Stop right there - I know exactly what you're thinking. "But Aaron, how can a bikini that dissolves in water, leaving that gal nekkid and wet and nekkid possibly in any universe be considered an idiotic product??" I initially thought so too, as I saw the headline on Fark.com and instantly clicked to find out what was this awesome thing and is this a joke or a real product - but as I read the article and logic started to sink in, I eventually had to admit that there's no foreseeable way to actually enjoy this product as the creators intended, nor can I think of a logical reason to purchase it at all...
The only thing going for this product is how much it riles up feminists - but if these ladies bothered to go through the same thought processes I did, they'd stop clamoring and recognize the Dissolving Bikini as the idiotic product that it is.
Let's start it off with the intended purpose listed in the article written by Spike.com as the "Ultimate Revenge Gift":
So the article assumes that somehow you actually managed to land yourself a girlfriend (even though you have a brain that would conceive this as being a good idea for "revenge") but now she's your ex-girlfriend (big surprise) and you want to get back at her (so obviously she dumped you). Here's all that the article can manage to suggest:
"A German company has invented a marvelous new bikini that disappears once a girl puts it on and takes a swim. The sexy swimsuit disappears by dissolving in water, leaving a woman completely nude and embarrassed. The sexy black swimsuit looks like a real bikini, feels like a real bikini and fits like a real bikini. The only difference is it’s made from a material that completely melts away after a few seconds in water."

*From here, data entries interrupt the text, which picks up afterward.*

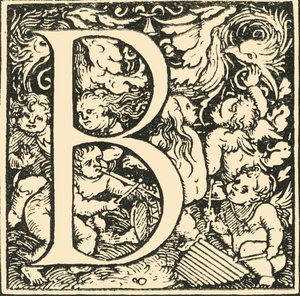 B - Ein Alphabet von Hans Weiditz, um 1520-1521, 1908 von Hans Weiditz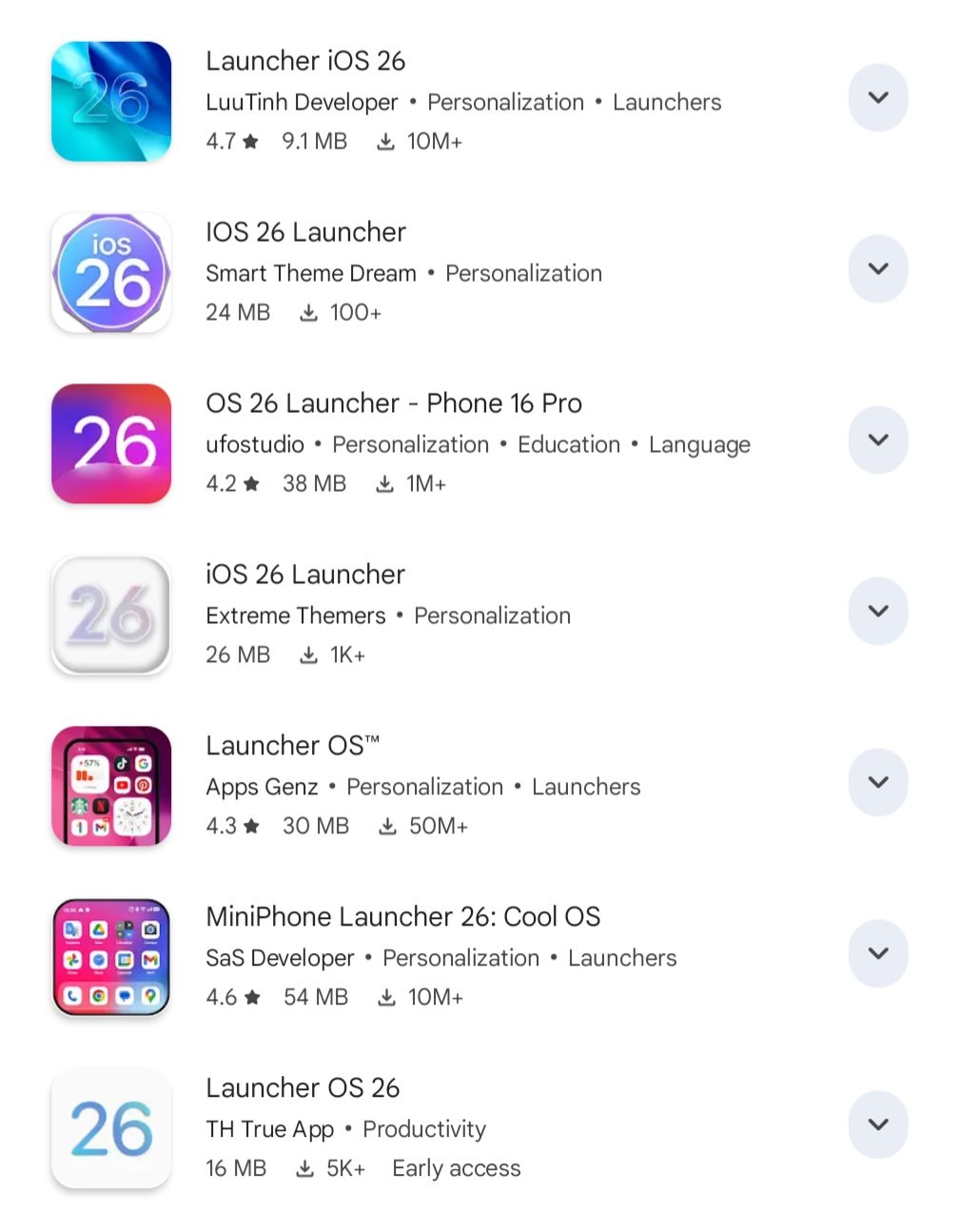 iOS 26 Launcher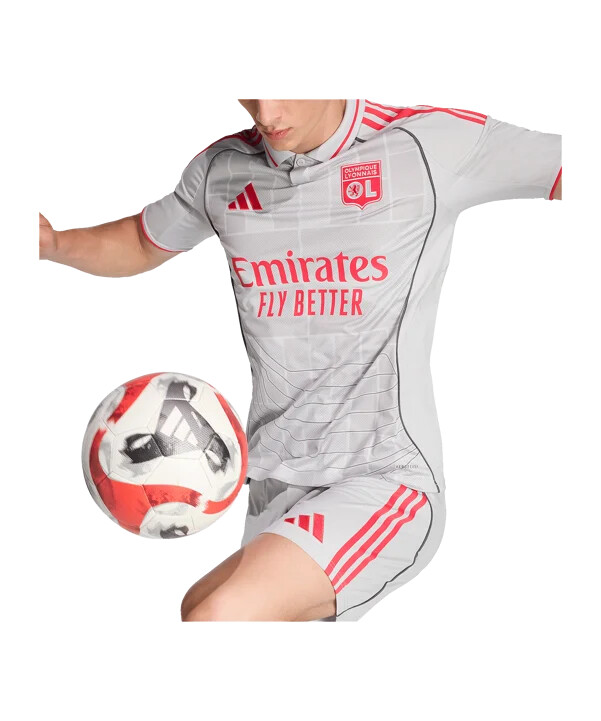 adidas olympique lyon 3rd jersey 20252026 grå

So, what's the plan here? How is it that you're going to:
1. Get your ex-girlfriend to wear this bikini? I mean let's face it - it's not like you're going to have this product shipped in its original container, bearing the large "GET NAKED BIKINI" label. She might pick up on the fact that it's going to dissolve. Which means you've got to purchase it and remove it from the packaging and possibly repackage it. But is your ex really going to accept a bikini as a present from you? "Hey, I know you dumped me in a horrible fashion that left me bloodthirsty for revenge, but I bought you this skimpy bathing suit to show you there's no hard feelings." Okay, so maybe you can try the "oh, I'm just returning your stuff you left at my place so here's your skimpy bikini back" ploy. Odds are probably 75% that she doesn't actually own a bikini that looks like that one, and 99% that she wouldn't have left it at your place. But, on the off-chance that your ex-girlfriend really did own a black bikini like that AND she left it at your place, does she really think it's clean enough to just put on? Which brings us to the next challenge of how are you going to:
2. Get your ex-girlfriend to not wash it before wearing? Even the moderately unhygienic of females would not trust a pre-worn or pre-owned bikini bottom to be clean enough to just put on. Especially if it was in the hands of an ex-boyfriend. There's always the possibility that someone else was wearing it (your new girlfriend, or even YOU). And of course, once she decides to wash the dissolving bikini, the only satisfaction you'll get out of the equation is knowing that she'll be very confused on laundry day when her new/used bikini has gone missing. Which isn't much of "revenge", is it? Speaking of which:
3. How do you get to enjoy this?? Okay, so let's assume that you've managed to slip this awesome bikini trap past your ex-girlfriend and she's somehow decided to wear it without washing it. Where does that leave you? What kind of break-up did you have that you're pissed off enough to want to exact revenge on her, but still on good enough terms that she accepts the gift and will WEAR IT AROUND YOU?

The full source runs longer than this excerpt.